Definitely the best when you running late and need a charge!

We make Jurien Bay about dinner time: the fast charger is avalable and conveniently located across the carpark from a friendly fish and chip joint! There used to be an Ampol charger at the station across the street – but has been broken for 6 months (Non-functional chargers might turn out to be a bit of a theme – but let’s see.)

Day 2, Geraldton to Carnarvon is smooth. And Overlander Roadhouse, run by a Samoan woman and staffed by a group of awesome Vietnamese Australians, offers unexpectedly good food and a fast WA EV Network charger.

But somewhere along the way an 18-inch crack has appeared on the windscreen.

See the thin blue line?

By the time we reach Carnarvon, the one windscreen repair place in town is closed and remain stubbornly shut the next morning. Though it is reassuring to learn that locals think ‘if you ain’t got a cracked windscreen you ain’t driven in the Pilbara.’

From Carnarvon it is 700 kms to Tom Price where we are booked for the night – it will be less than 2 hours drive into Karijini the follwing morning. We are almost there.

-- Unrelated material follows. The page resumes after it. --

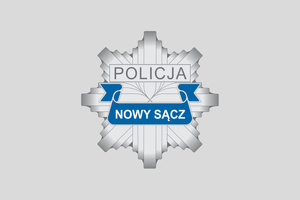 logo sądeckiej Policji na szarym tle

But not quite. The plan was to charge at the newly installed WA EV network charger at Minilya, 140 kms along the way. According to the Plugshare app, it has been working some of the time, even though there is red tape around it clearly asking people to keep out! For us it would not work🙄

Hmmmm???

Co-Pilot tried pleading. I tried abuse. C-P rang the operator. Man at the other end sounded unconvinced by our assertion that anyone had been able to use it. Officially, the charger is ‘not yet active’ – no amount of ‘but we are desperate’ would move him. Next charger: Nanutarra, where we arrived having driven 368 kms on a single charge with just 22 km in the tank and frayed nerves. Neither of us felt like driving another 300 kms to Tom Price.

We stopped for the night at Cheela Plains Station just in time for a magnificent sunset. We got the last room and, yes, they could add us in for dinner.

A perfect place to spend an evening on the way to Karijini, EV or ICE

We are almost there – one sleep, less than 200 kilometres and two perfectly dependable, free chargers provided by Rio Tinto – our next sunset will be at Karijini.

As they say (may be they don’t yet, but soon will): EVs are great for going places. But they won’t compensate for human follies.